• [DATA EXCERPT]:
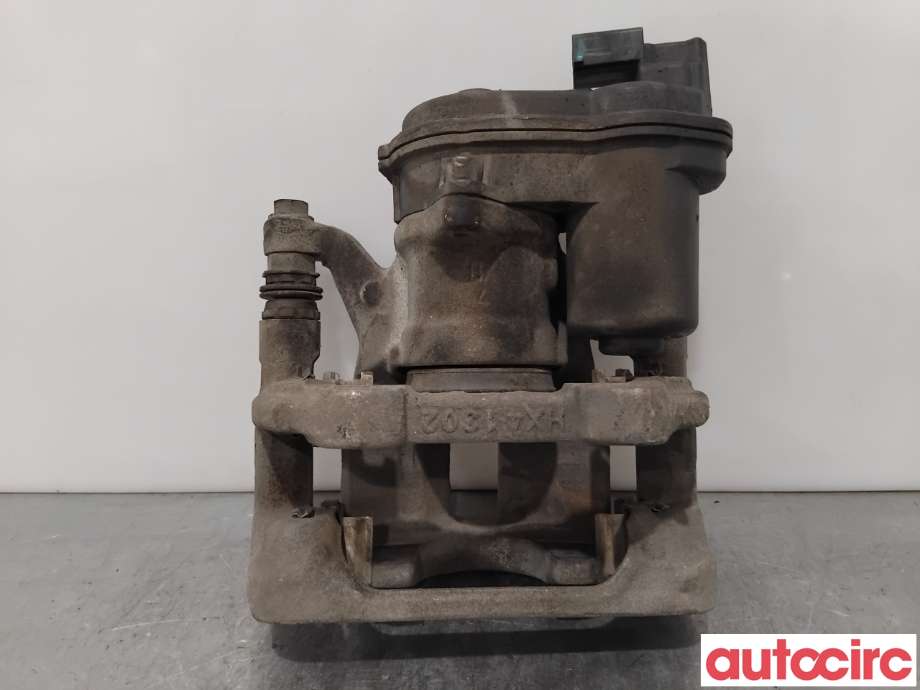 Bremsecaliper høyre bak til MG MG5 2022-->>  (MG|NO NR|)
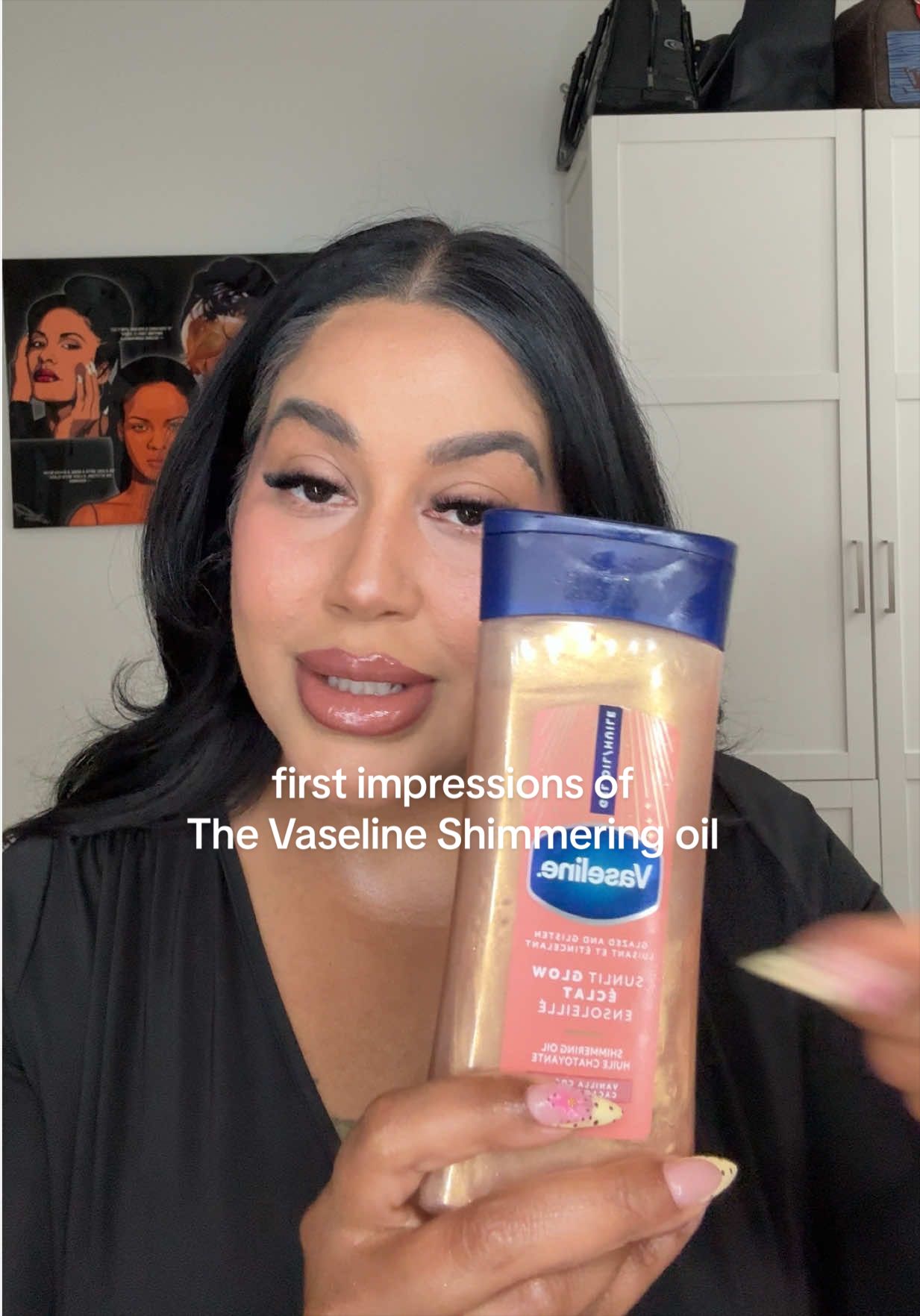 @MRSMITCHELL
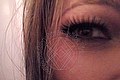  Savona Lisa Valle 334.1087500 foto selfie 32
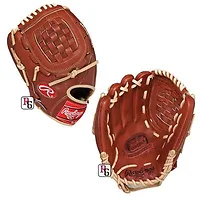 Rawlings-PROS20BR-RH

• [TASK DESCRIPTION]:
The output should hold only the lines from the one containing "Savona Lisa Valle" through the last line of the listing, reproduced exactly, pictures omitted.

• [REPLY]:
  Savona Lisa Valle 334.1087500 foto selfie 32
 Rawlings-PROS20BR-RH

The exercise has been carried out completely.